Pour que la honte change de camp. Et pour aider les autres. Quand tu es victime d'inceste, une grande partie de ta vie est une amnésie tellement tu as enfoui ces souvenirs au fond de ton cerveau. Dès que tu y penses, tu es neutralisé. Alors tu te forces à oublier car quand les souvenirs ne sont plus là, tu revis, tu entreprends, tu grandis. Je me suis engagé en politique pour l'écologie et pour combattre les injustices car j'en ai été victime. Ce qui m'est arrivé m'a donné une soif de dingue de revanche sur la vie.

« Une nouvelle vie a commencé pour moi »

Mais ces dernières semaines, avec l'affaire Duhamel, tout a ressurgi. Mercredi 20 janvier, le fameux jour de la semaine que je déteste, j'ai reçu un appel de Julien Bayou, secrétaire national d'EELV. Nous avons échangé sur différents sujets dont l'injustice. « A 8 ans, je ne pouvais pas me défendre », lui glissai-je. « Si tu n'arrives pas à le dire, écris-le », a-t-il répondu. Je ne sais pas s'il a ressenti quelque chose, eu un sixième sens mais cette phrase a provoqué un déclic en moi. Je n'avais pas du tout prévu d'en parler. Pourtant je l'ai fait. J'ai écrit un mail à des collègues EELV puis j'ai rédigé un tweet. Ce jour-là, une nouvelle vie a commencé pour moi.

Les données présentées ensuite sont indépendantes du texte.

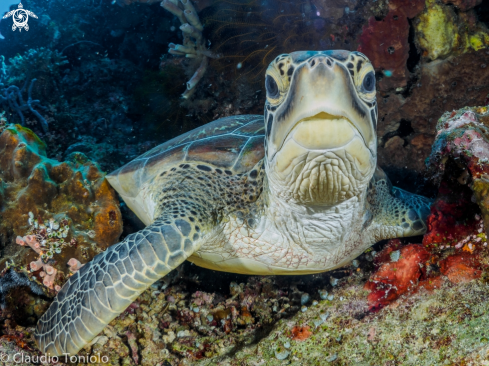 A Chelonia Mydas | Chelonia Mydas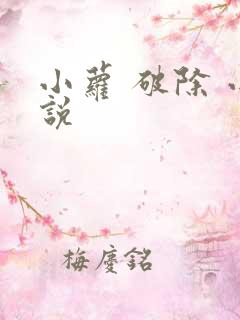 小萝 破除 小说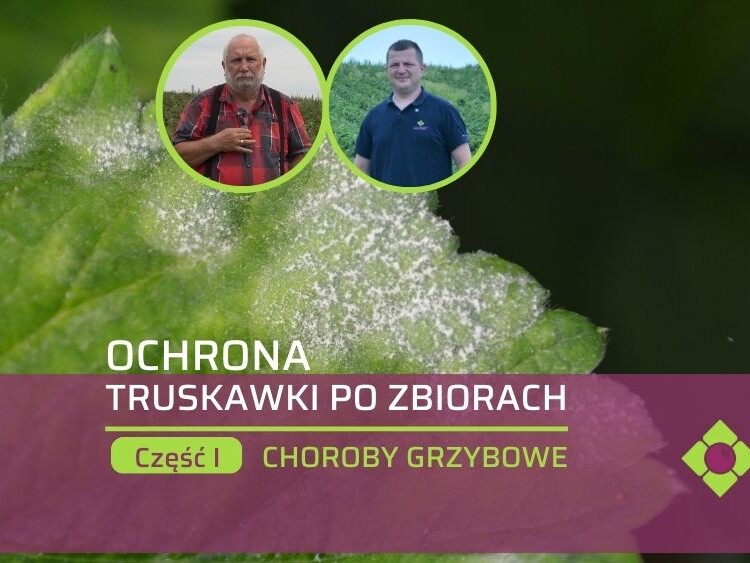 ochrona-truskawki-po-zbiorach-ow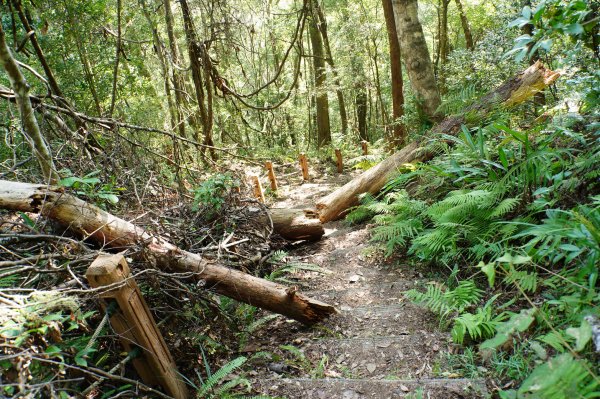 新竹 尖石 芝生毛臺山、虎禮山2903143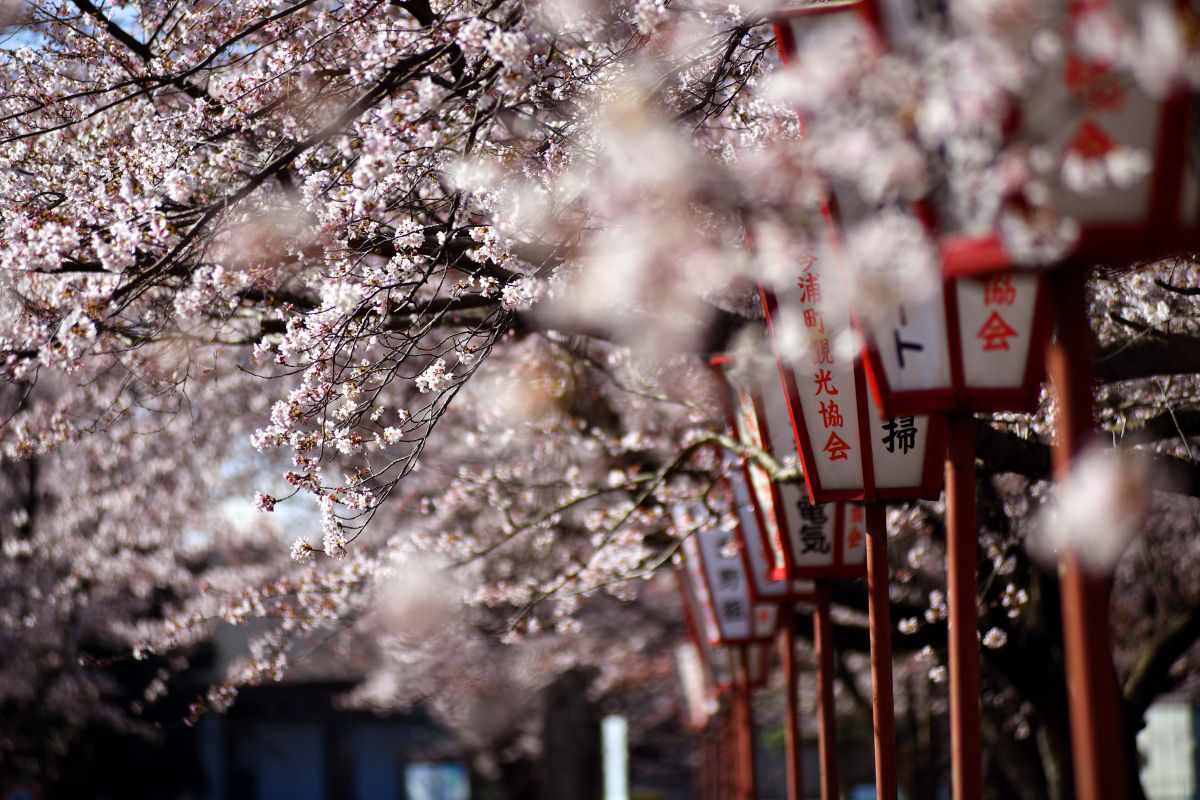 Ai AF Zoom-Nikkor 80-200mm f/2.8D ED ＜NEW＞で撮影された写真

Quelles furent les réactions à votre confession ?

J'ai reçu des centaines de messages de soutien et de remerciements. Je ne m'attendais pas à cela. Ils saluent mon courage mais je ne m'inscris que dans la continuité de tous ces autres qui ont témoigné ici et là ces dernières semaines.

Quel père êtes-vous aujourd'hui ?

Un papa surprotecteur (rires). Je ne veux pas qu'il leur arrive quoi que ce soit. Je suis tout le temps avec eux, y compris pour leurs activités extrascolaires. Je les attends devant la piscine ou le gymnase par exemple. Je respecte leur intimité totalement. Je dors en bas de notre logement pour empêcher toute intrusion éventuelle et qu'on puisse un jour faire du mal à ma famille.

Que pensez-vous de l'allocution sur les violences sexuelles par le président Macron, qui souhaite « adapter notre droit »?

Je lui réponds : « Chiche! » Qu'il supprime la prescription des crimes de violences sexuelles sur les adultes et les enfants! Je n'ai jamais osé déposer plainte contre mon frère lorsque j'étais jeune. Je me suis renseigné pour le faire en 2001 mais l'avocate m'a dit qu'il était trop tard. Les faits sont prescrits. Je pense qu'Emmanuel Macron ne fera pas d'adaptation de la loi, ce ne sont que des effets d'annonce. Il faudrait enseigner ces notions dès l'école primaire et jusqu'au lycée, expliquer que ton corps t'appartient, ce qu'est le viol, l'inceste… Quand on voit le nombre de personnes touchées par ce crime, on comprend que c'est plus qu'une nécessité.